Data caching and updating
Source:vignettes/data-caching-and-updating.Rmd
data-caching-and-updating.Rmd
The “pkgmatch” package package relies on pre-generated Language Model (LM) embeddings. Inputs of text, code, or entire packages are converted into embeddings, and the results compared with the pre-generated embeddings to discern the best-matching result. The pre-generated embeddings are calculated for the entire package suites of both rOpenSci and CRAN.
Local caching and updating for users
The pre-generated embeddings are downloaded whenever needed in
initial package calls. The download location is determined by the rappdirs
package
as fs::path(rappdirs::user_cache_dir(), "R", "pkgmatch"
.
Users should generally not need to worry about managing these data files
themselves, although they - and indeed the entire directory in which are
stored - can be safely deleted at any time.

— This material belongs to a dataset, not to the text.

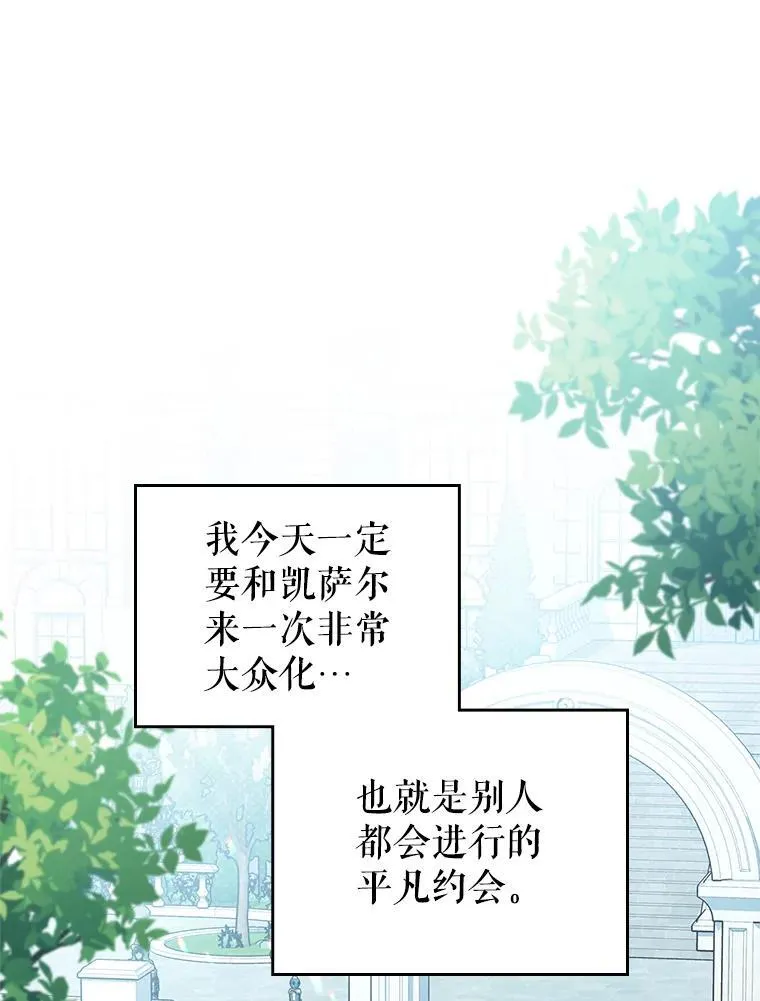 53.开始第一次约会 第43页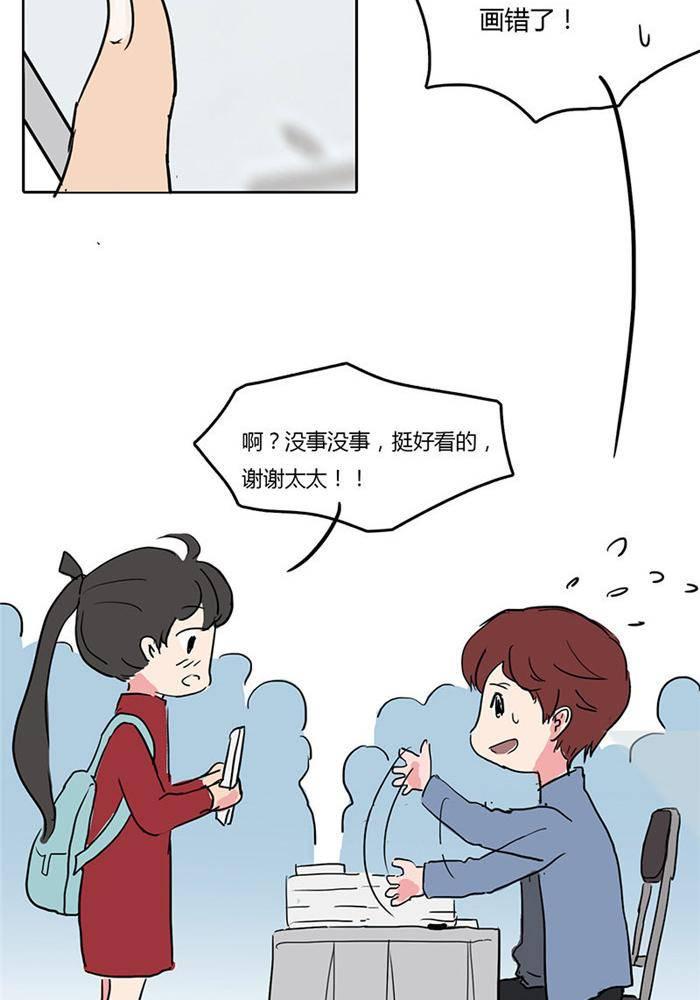 第四话18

The remote data are regularly updated, and so locally-cached data also require regular updating. If any one of the locally-cached embeddings files needed for functionality is more than 30 days old, a newer version will be automatically downloaded. This update frequency can also be over-ridden by setting a value like 100 days with:
options ("pkgmatch_update_frequency" = 100L)

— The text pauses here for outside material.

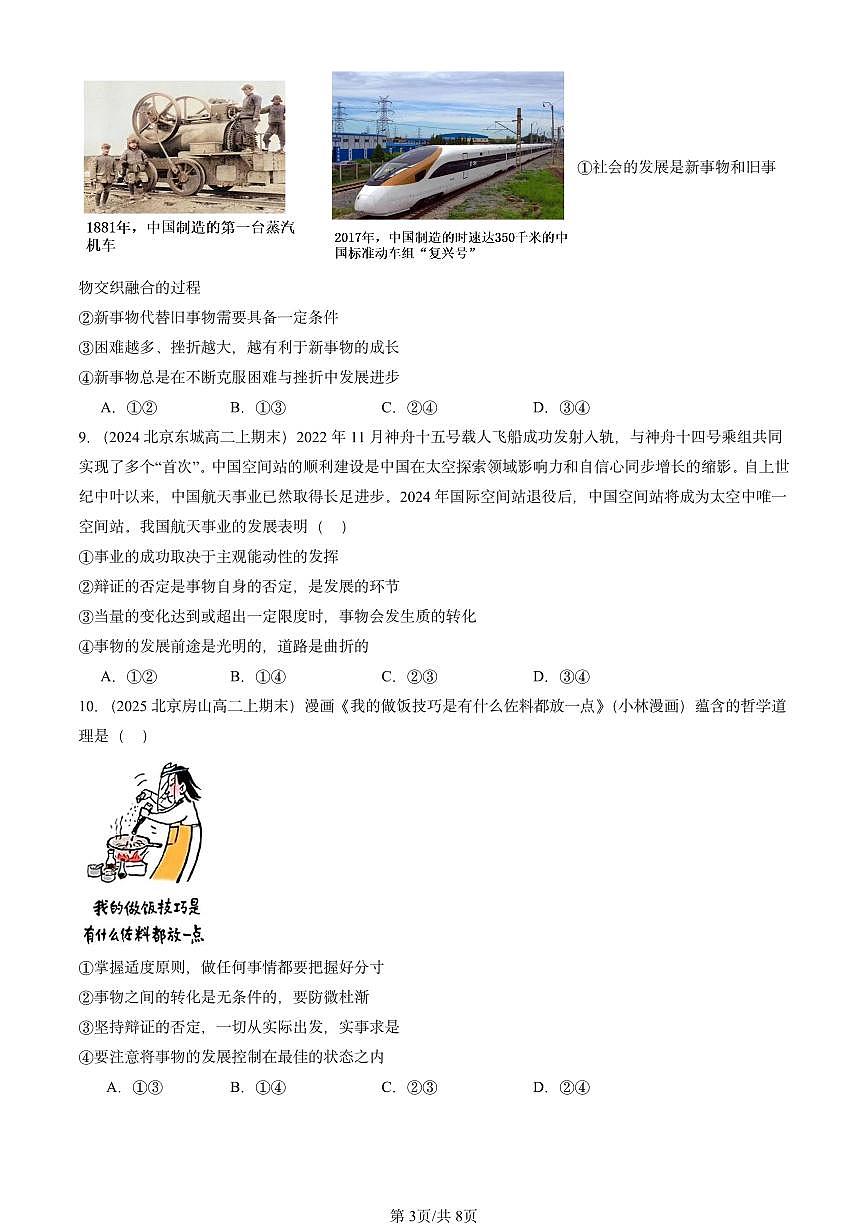 2023-2025北京高二（上）期末真题政治汇编：世界是永恒发展的第3页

If you want to ensure your data are always up to date, set an update frequency of 1, and they’ll be updated every day.
Data updating for developers
These package suites are constantly changing, and therefore the
embeddings also need to be regularly updated. The “pkgmatch” package
includes several files in the /R
directory prefixed with
“data-update” containing functions which implement this updating. These
functions are intended to be used only by the developers. They are
ultimately used in this
GitHub workflow file which is automatically run every day to update
all embedding data for both CRAN and rOpenSci. The embeddings data thus
always reflect the current daily state of both repositories.